Na al deze processen komt het nierkanaaltje uit in de verzamelbuis. De verzamelbuizen komen uit in het nierbekken en nu wordt de vloeistof urine genoemd. Alle belangrijke stoffen zijn eruit gefilterd en de rest kan worden weggevoerd. Vanaf het nierbekken gaat de urine met de urineleider naar de blaas. En zo ontstaat dus urine!
Dit komt doordat met ultrafiltratie ontzettend veel 'lichaamsvreemde' (denk bijvoorbeeld aan bacterie-eiwitten) stoffen en afvalstoffen uit het bloed worden geperst. Dit is erg voordelig en makkelijk om van de vreemde stoffen af te komen. Aangezien je nieren je eigen bruikbare opgeloste stoffen met selectieve 'poortjes' toch weer terug kunnen resorberen! Het is heel moeilijk om voor ALLE 'lichaamsvreemde stoffen' en afvalstoffen een selectief poortje te hebben, dit is namelijk niet 'bekend' voor jouw lichaam. Daardoor wordt er zo ontzettend veel uitgeperst en weer teruggehaald door je nieren.
Een andere reden is dat je nieren nu makkelijker de balans van je opgeloste stoffen kunnen reguleren. Ze persen namelijk ongeveer alles uit je bloed en halen daarna heel selectief dingen weer terug.
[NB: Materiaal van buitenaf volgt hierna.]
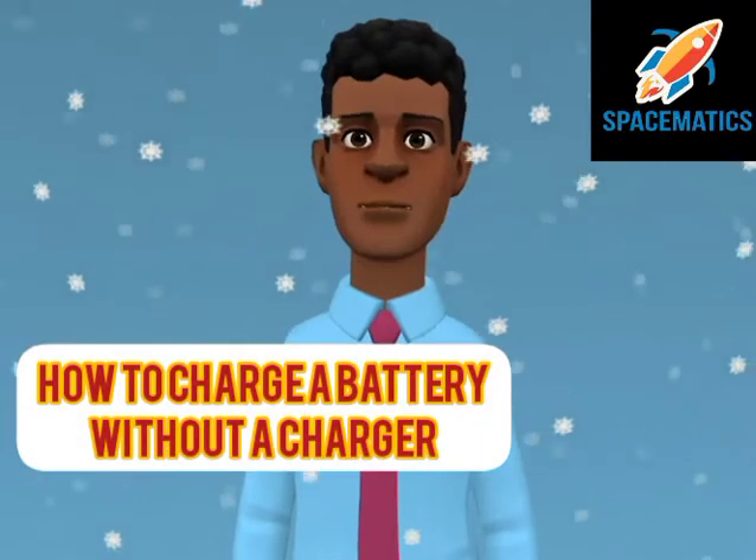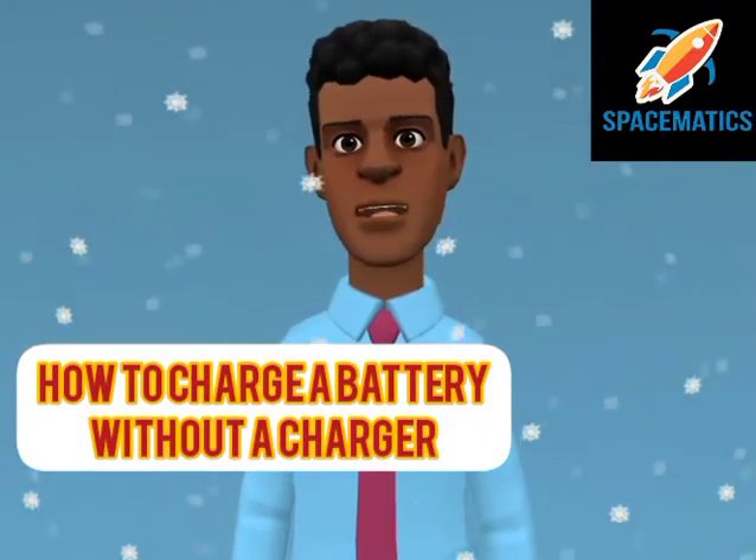Hello guys, today we shall be discussing how to charge a LiPo battery without a charger. LiPo batteries carry with them exemplary features — attributes like high energy densities needed for large power loads, low weight, and the most popular, higher discharge rates. Lithium polymer batteries have transformed the battery industry and especially in RC technology. The enhancement of these batteries has significantly put them on the map, acknowledging their contribution to the development of RC devices.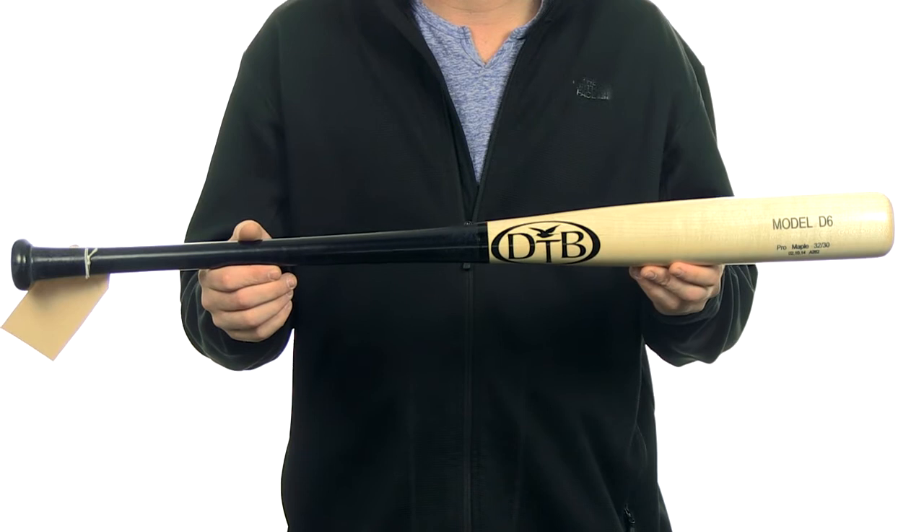This bat also comes with free shipping. You can get yours today at JustBats.com. Just don't forget, from click to hit.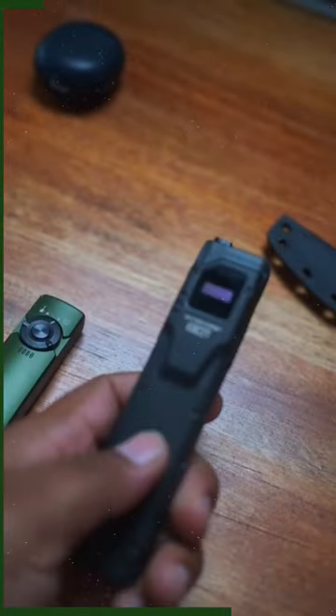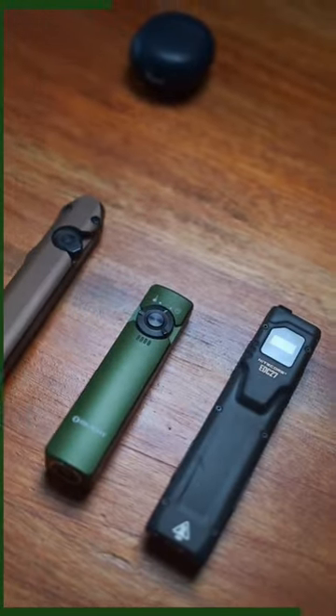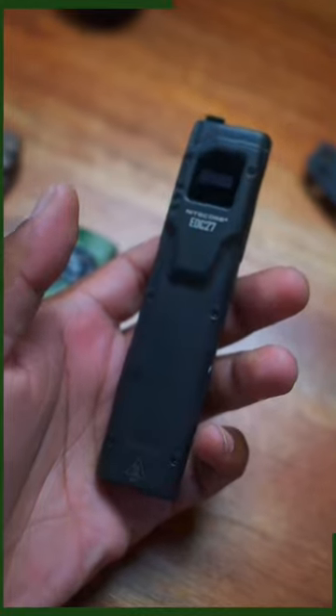This one also has five light modes and it gets the brightest, but it sits in your pocket the wrong direction. The decision is going to be up to you, but right now my vote is the Nitecore EDC27.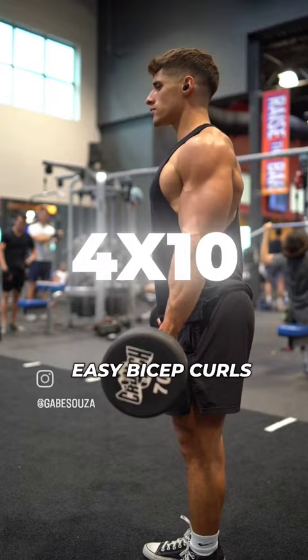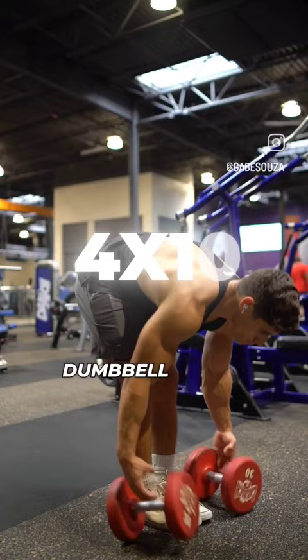After this, we will do dumbbell hammer curls for four sets of 12 reps without swinging the weight up.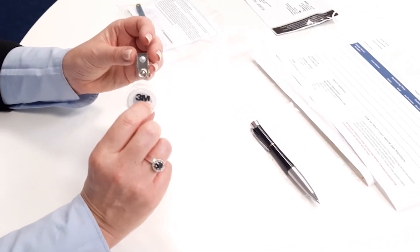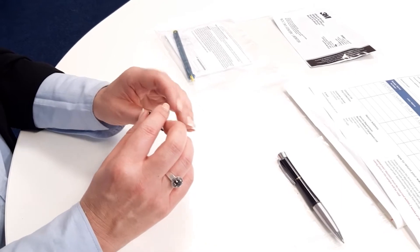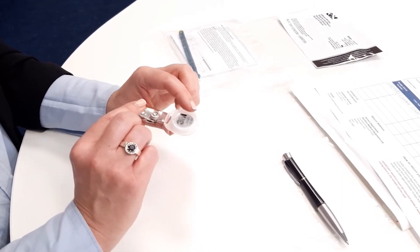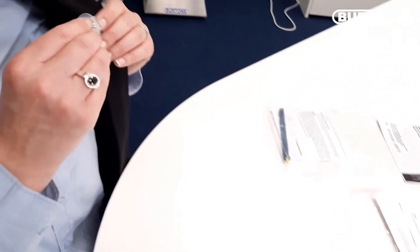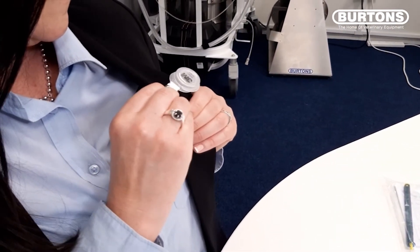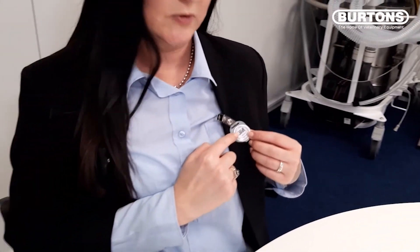For personal monitoring, the badge needs to be secured to a collar, pocket or lapel in the person's breathing zone. It should be fitted with the 3M facing out.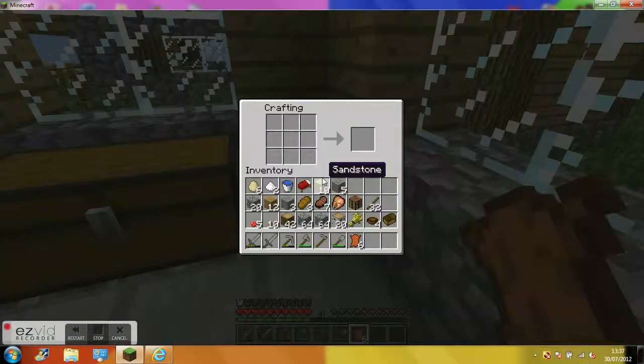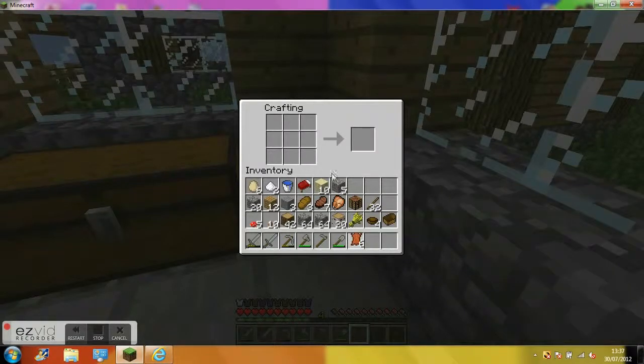And the crafting table — you've probably learnt how to do that, but I am going to do a video just in case. Take the leather; you'll need at least six pieces. As if you're making trousers, but in order to make trousers you can just use them up there.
Mocht je bijvoorbeeld net veel water hebben gedronken dan kan je nier selectief veel water uitscheiden. Dit geldt niet alleen voor water, maar ook voor zouten en veel opgeloste stoffen. Als er bijvoorbeeld teveel H+ ionen zijn, wordt de pH lager dus zuurder. Hierdoor kan je nier meer H+ uit gaan scheiden om dit in balans te houden. Deze evenwichtsprocessen liggen ingewikkeld in elkaar en niet alleen de nieren werken mee, maar ook veel anderen organen helpen mee om het evenwicht te behouden.